Who were these people who stared at them as though they were objects, with guns in their hands like something from a movie . . . except that she and Gerhardt and the others were the bit players now. They couldn’t go to the kitchen to fetch beer and pretzels. They could only live the drama to its end. And so she wept quietly at her powerlessness, to the contempt of Petra Dortmund.

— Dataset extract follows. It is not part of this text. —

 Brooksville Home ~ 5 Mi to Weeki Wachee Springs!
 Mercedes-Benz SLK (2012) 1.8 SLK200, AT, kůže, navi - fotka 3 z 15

Homer Johnston was in his ghillie suit, a complex overall-type garment made of rags sewn into place on a gridded matrix, whose purpose was to make him appear to be a bush or a pile of leaves or compost, anything but a person with a rifle. The rifle was set up on its bipod, the hinged flaps on the front and back lenses of his telescopic sight flipped up. He’d picked a good place to the east of the helicopter pad that would allow him to cover the entire distance between the helicopter and the house. His laser rangefinder announced that he was 216 meters from a door on the back of the house and 147 meters from the front-left door of the helicopter. He was lying prone in a dry spot on the beautiful lawn, in the lengthening shadows close to the treeline, and the air brought to him the smell of horses, which reminded him of his childhood in the American northwest. Okay. He thumbed his radio microphone.
“Lead, Rifle Two-One.”
“Rifle Two-One, Lead.”
“In place and set up. I show no movement in the house at this time.”
“Rifle Two-Two, in place and set up, I also see no movement,” Sergeant Weber reported from his spot, two hundred fifty-six meters from Johnston. Johnston turned to see Dieter’s location. His German counterpart had selected a good spot.
“Achtung,”
a voice called behind him. Johnston turned to see an Austrian cop approaching, not quite crawling on the grass.
“Hier,”
the man said, handing over some photos and withdrawing rapidly. Johnston looked at them. Good, shots of the hostages . . . but none of the bad guys. Well, at least he’d know whom
not
to shoot. With that, he backed off the rifle and lifted his green-coated military binoculars and began scanning the house slowly and regularly, left to right and back again. “Dieter?” he said over his direct radio link.